三井住友フィナンシャルグループの2026年3月期決算は、親会社株主に帰属する当期純利益が1兆5,830億円となり、過去最高益を更新しました。前期比では+4,050億円、率にして34.4%の増益です。ただ、この記事で確かめたいのは「最高益かどうか」ではなく、「その最高益が何でできているか」です。

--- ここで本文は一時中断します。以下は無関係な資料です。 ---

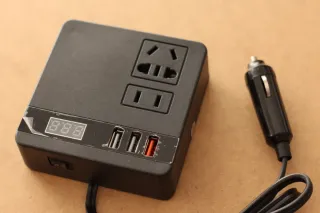 Inversor de corriente para coche 12V a 220V.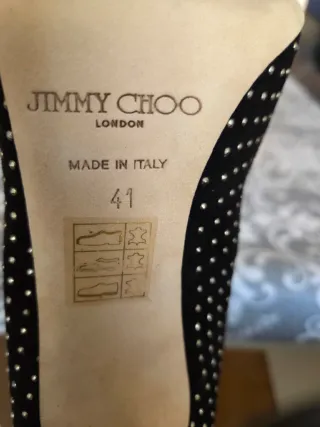 Zapatos tacón Jimmy Choo negros con tachuelas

会社は今回、純利益の増益要因を「実力の伸び」「一時的な上振れ」「将来への手当」に分けて開示しています。最高益という結果の内訳に、継続性の異なる利益要素がどのように混在しているのか。そして、増加した与信関係費用は、信用コストの悪化なのか、それとも将来リスクへの先回りの引当なのか。本記事では、この2つの「内訳の分解」を公認会計士の視点から整理します。
業績サマリー
| 項目 | 当期(2026年3月期) | 前期(2025年3月期) | 前期比・増減 |
|---|---|---|---|
| 経常収益 | 10兆7,908億円 | 10兆1,748億円 | +6,159億円 |
| 経常利益 | 2兆3,034億円 | 1兆7,194億円 | +5,839億円 |
| 親会社株主に帰属する当期純利益 | 1兆5,830億円 | 1兆1,779億円 | +4,050億円 |
| EPS(1株当たり当期純利益) | 411.97円 | 301.55円 | +110.42円 |
数字の動き
2026年3月期の経常収益は10兆7,908億円となり、前期の10兆1,748億円から6,159億円増加しました。連結粗利益でみると4兆8,447億円で、前期比7,179億円の増加です。会社は、国内における資金利益の増加に加え、国内ホールセールビジネスの手数料収入増加、資産運用・決済ファイナンスビジネスの好調などにより増益となったと説明しています。また、決算説明資料では、純利益の増減内訳の中で「円金利上昇等の環境要因」を示しているほか、国内貸出残高や国内預貸金利回差の推移も開示しています。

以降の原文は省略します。